::: MATERIAL FOR THIS EXERCISE
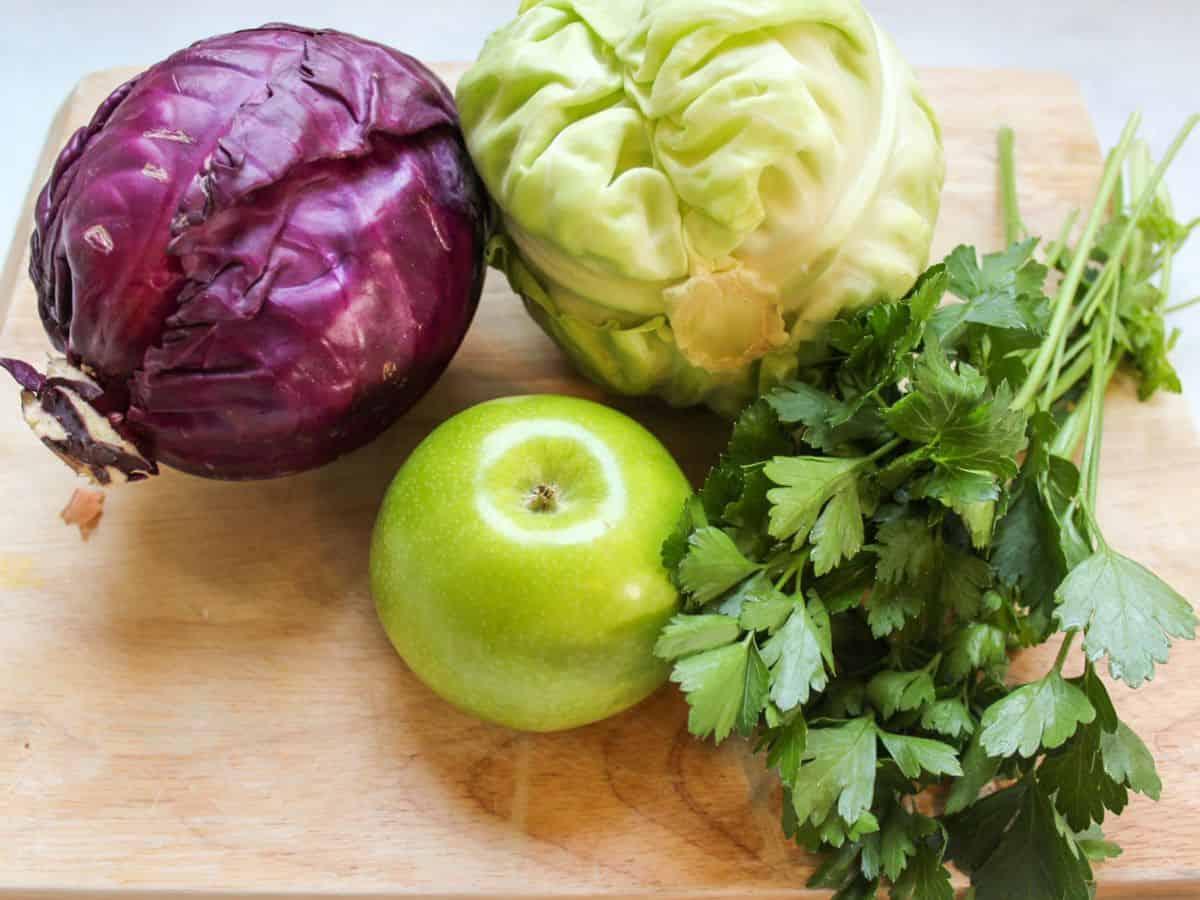 fresh red cabbage, green apples, and a bottle of red wine vinegar on a wooden cutting board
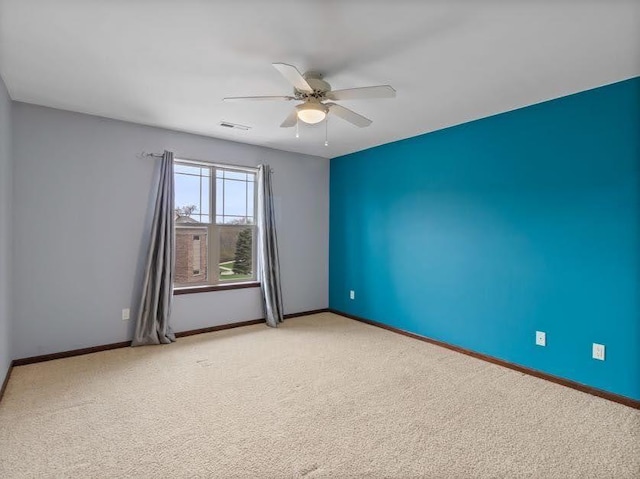unfurnished room featuring carpet flooring, a ceiling fan, and baseboards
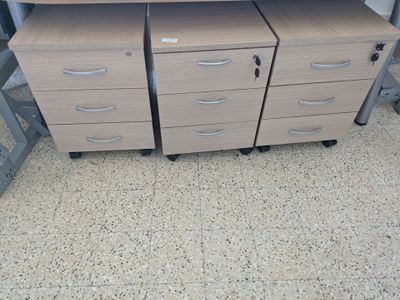 two desks with drawers and a computer on top of them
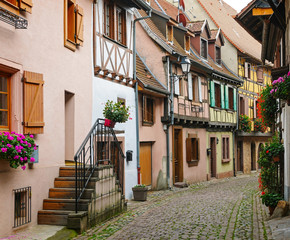 Half-timbered houses on a narrow street in Eguisheim, Alsace, France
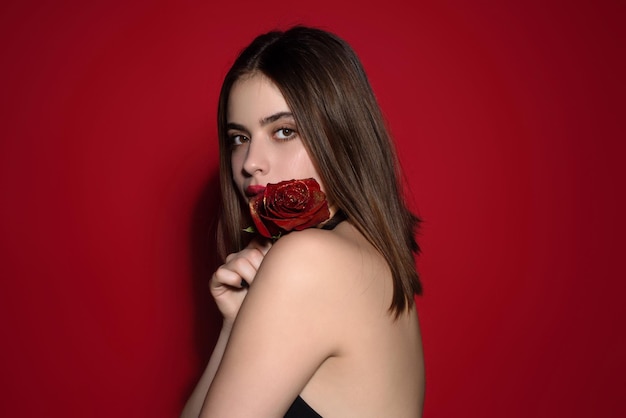 Tendresse et beauté jeune femme tenant une fille de beauté rose avec une rose rouge près du visage tourné en studio romain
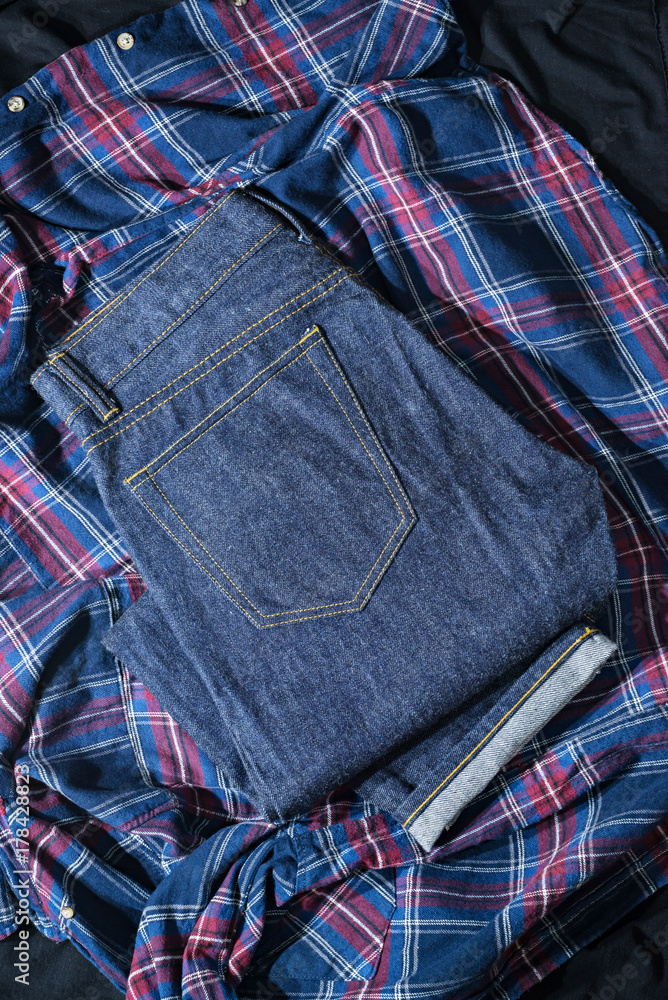 Blue Jeans Denim, 100% Cotton Unsanforized Denim Red Selvage Jeans on Plaid Shirt background, selective focus (detailed close-up shot) Blue Jeans Denim, 100% Cotton Unsanforized Denim Red Selvage Jeans on Plaid Shirt background, selective focus (detailed close-up shot)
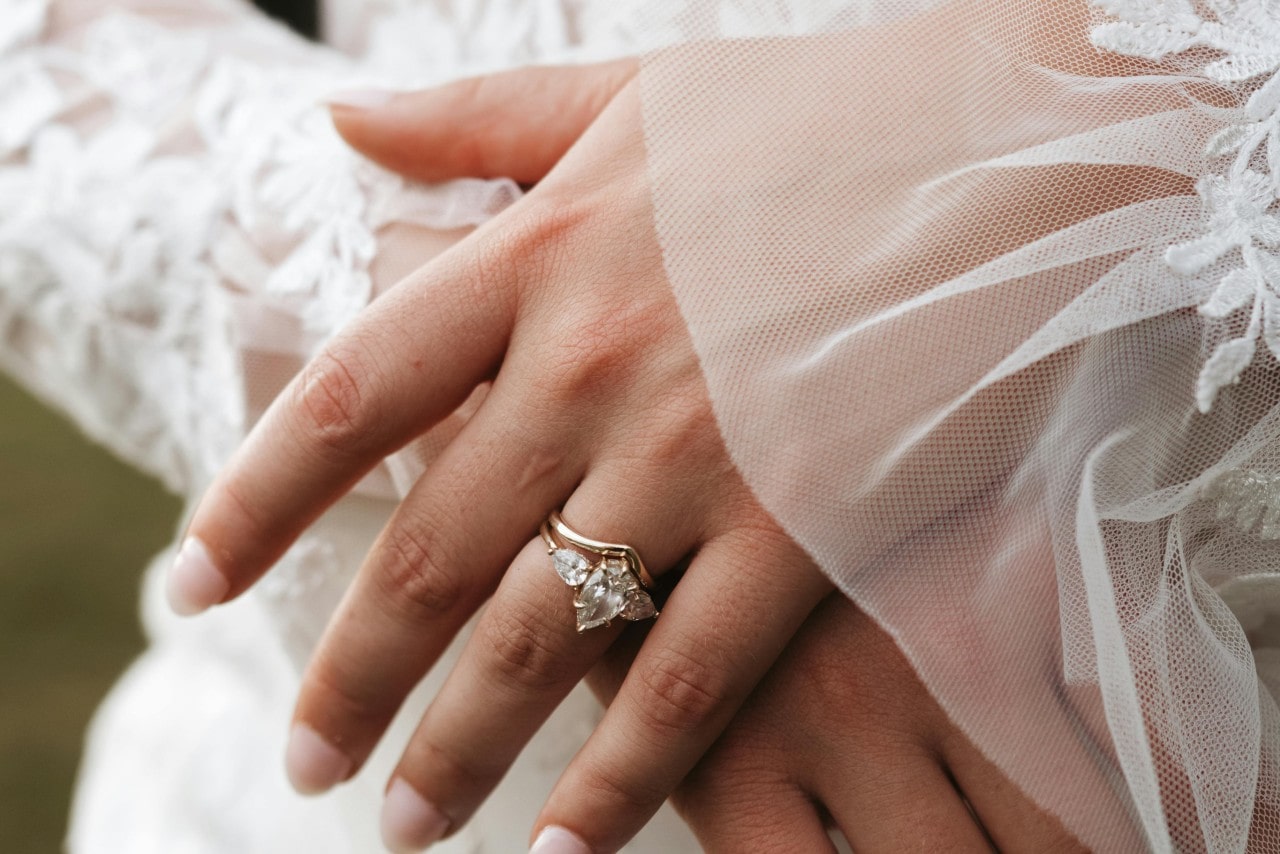 close up image of a brides hand wearing a three stone engagement ring and curved wedding band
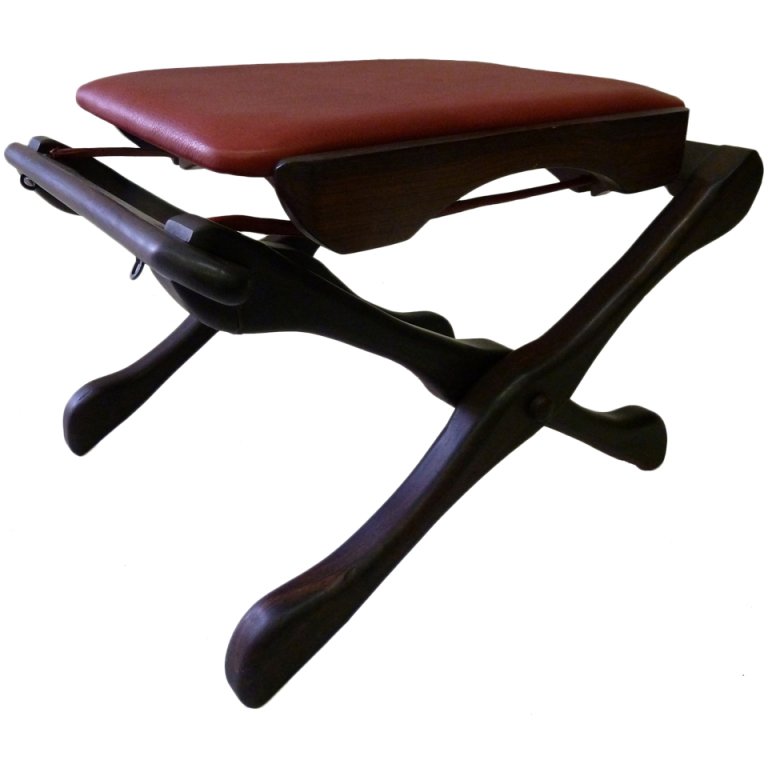 Classic Sling "Swinger" Ottoman by Don Shoemaker: This classic 1960s ottoman from the Mexican workshop of Don Shoemaker features his iconic suspended sling and organic bone like elements hand-crafted in solid Cocobolo rosewood. It has been recovered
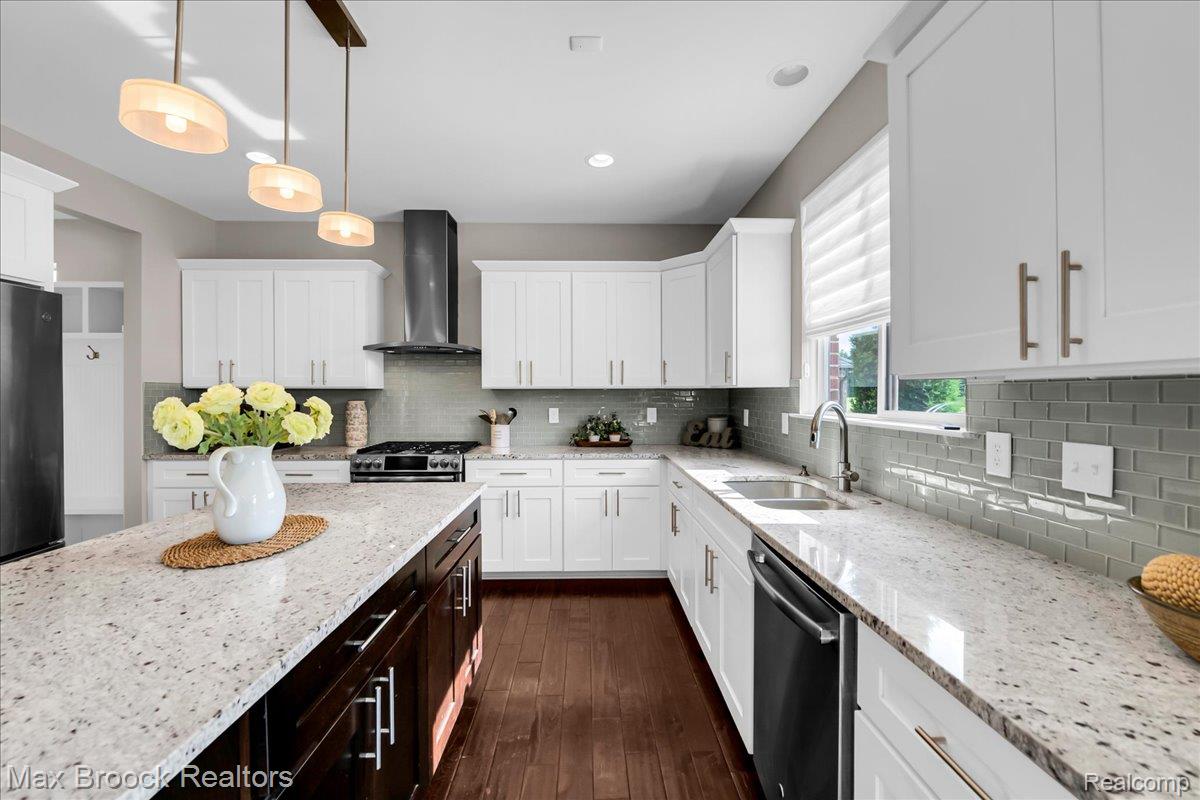 1126 Queensboro Drive Rochester, MI 48307 - Photo 22 of 66 Kitchen featuring a central island with a speckled countertop, white cabinetry, a gray subway tile backsplash, stainless steel appliances, and wood-finish flooring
::::::
■ EXERCISE DETAILS ■
Up to and including the line with "Tendresse et beauté", copy the data above from its first line. Skip pictures.

■ OUTPUT OF THE EXERCISE ■
 fresh red cabbage, green apples, and a bottle of red wine vinegar on a wooden cutting board
unfurnished room featuring carpet flooring, a ceiling fan, and baseboards
 two desks with drawers and a computer on top of them
 Half-timbered houses on a narrow street in Eguisheim, Alsace, France
 Tendresse et beauté jeune femme tenant une fille de beauté rose avec une rose rouge près du visage tourné en studio romain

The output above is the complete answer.